PROBLEM DETAILS
When you write out the records, keep every word exact and drop the pictures.

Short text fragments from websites
◇ ◇ ◇ ◇ ◇ ◇ ◇
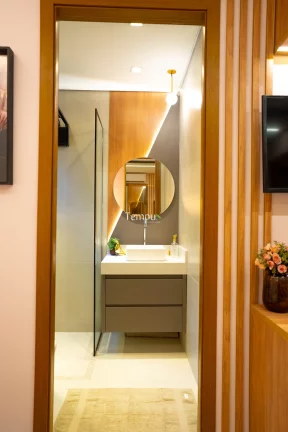 Imagem Lake House Residence - Apartamento Alto Padrão, Parque Amazonia, vista livre, andar alto, 3 Suítes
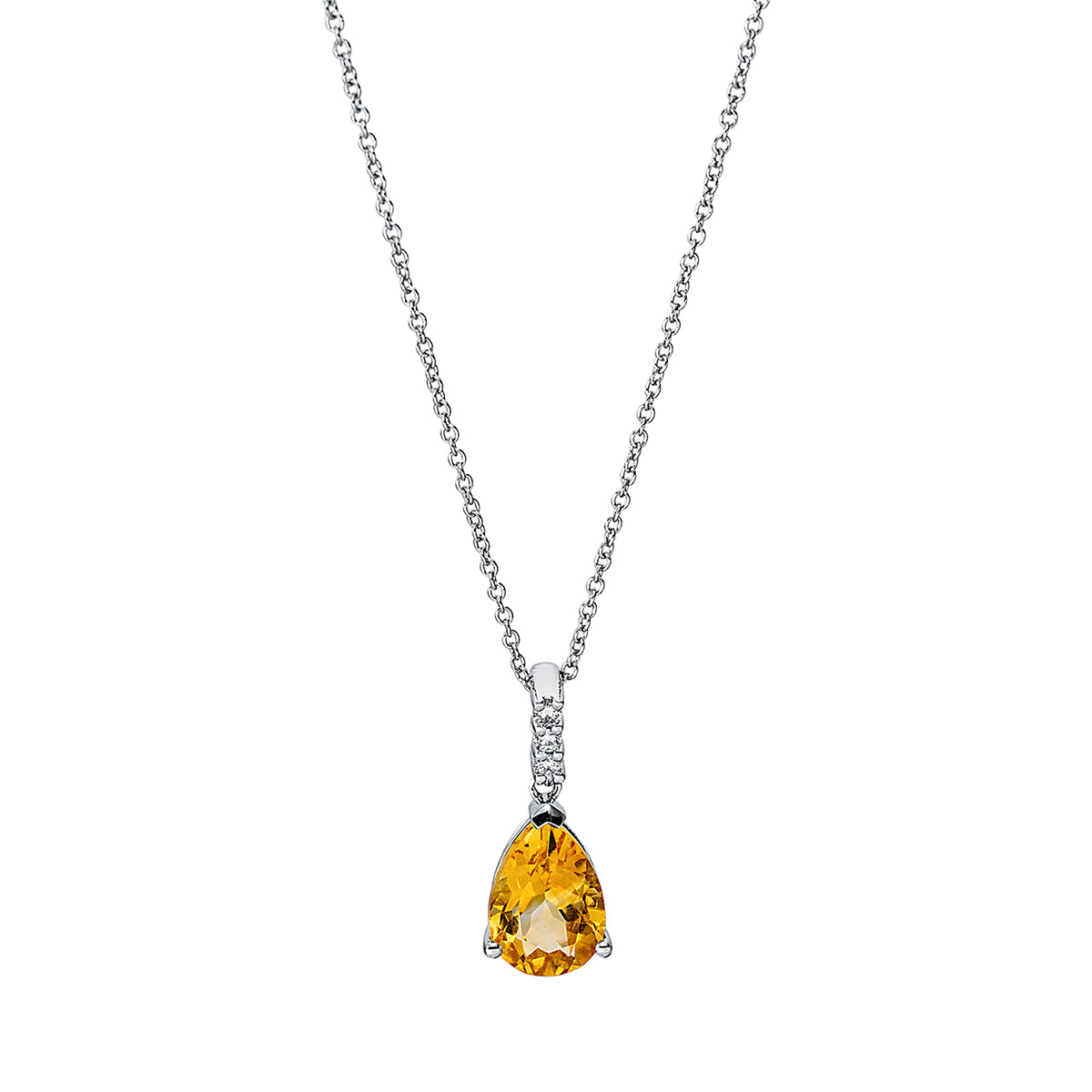 Collier 3er-Krappe 18 kt WG, mit Öse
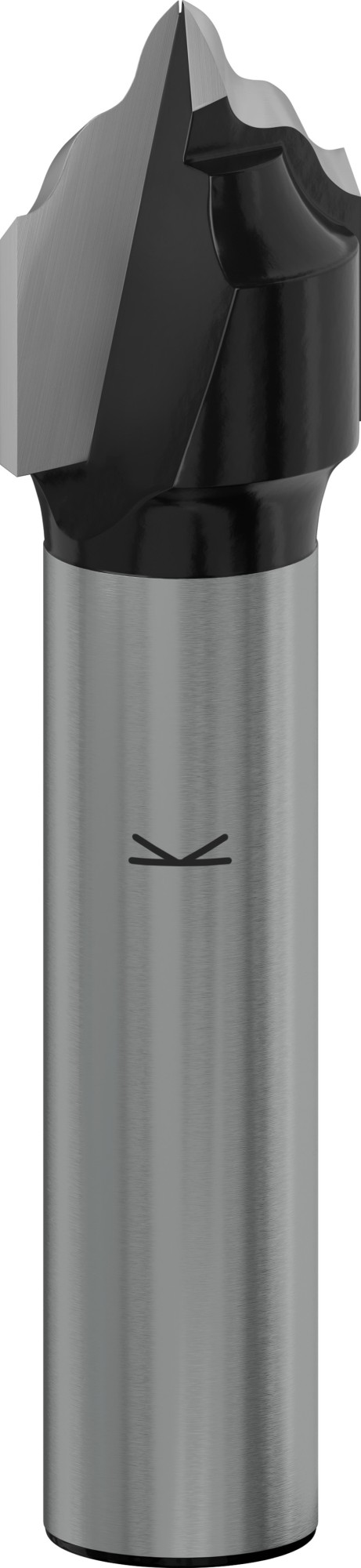 Broca fresadora PRO para ranura de moldura cóncava y cordón R 2,4, vástago de 8 mm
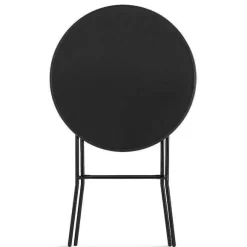 Shop RETIF Mange-Debout Hdpe Rond Noir Rekkem 80X110 Cm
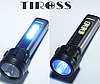 Якісний ручний ліхтарик з бічним підсвічуванням та зарядкою від юсб Польща, яскравий ліхтар туристичний, GP7, фото 4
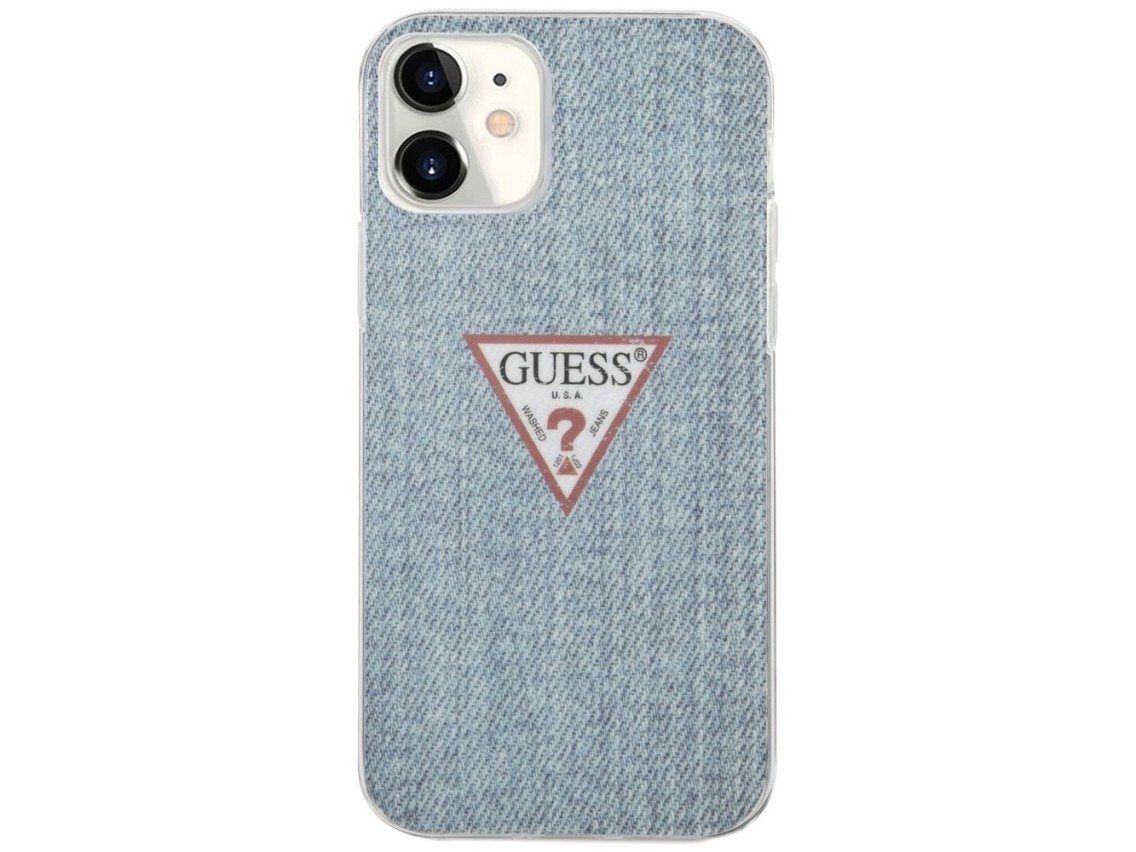 Funda rígida Guess GUHCP12SPCUJULLB para iPhone 12 mini de 5,4" en azul/azul claro, colección Jeans
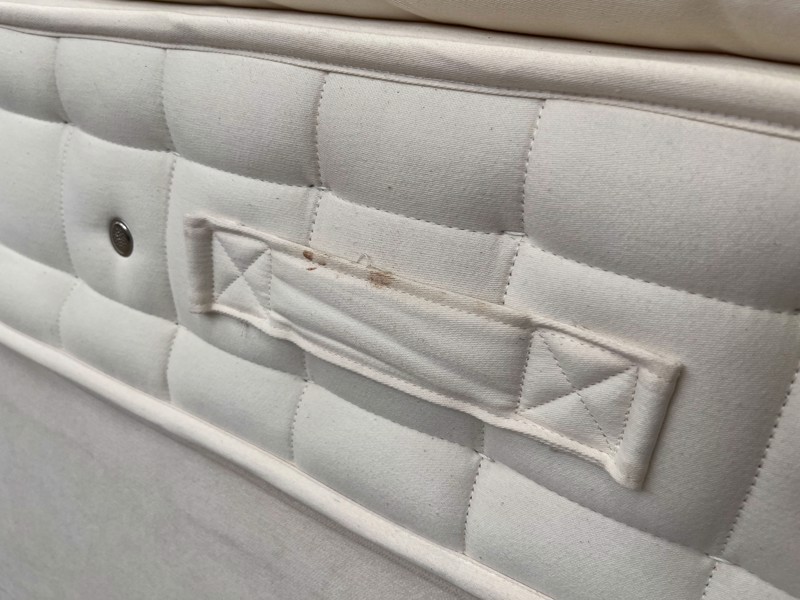 Hypnos King Size - CLEARANCE - Ex-Showroom - Imperio Cream Francesca Headboard and Luxor Comfort Supreme Divan Bed8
◇ ◇ ◇ ◇ ◇ ◇ ◇
ANSWER TO THE PROBLEM
 Imagem Lake House Residence - Apartamento Alto Padrão, Parque Amazonia, vista livre, andar alto, 3 Suítes
 Collier 3er-Krappe 18 kt WG, mit Öse
 Broca fresadora PRO para ranura de moldura cóncava y cordón R 2,4, vástago de 8 mm
 Shop RETIF Mange-Debout Hdpe Rond Noir Rekkem 80X110 Cm
 Якісний ручний ліхтарик з бічним підсвічуванням та зарядкою від юсб Польща, яскравий ліхтар туристичний, GP7, фото 4
 Funda rígida Guess GUHCP12SPCUJULLB para iPhone 12 mini de 5,4" en azul/azul claro, colección Jeans
 Hypnos King Size - CLEARANCE - Ex-Showroom - Imperio Cream Francesca Headboard and Luxor Comfort Supreme Divan Bed8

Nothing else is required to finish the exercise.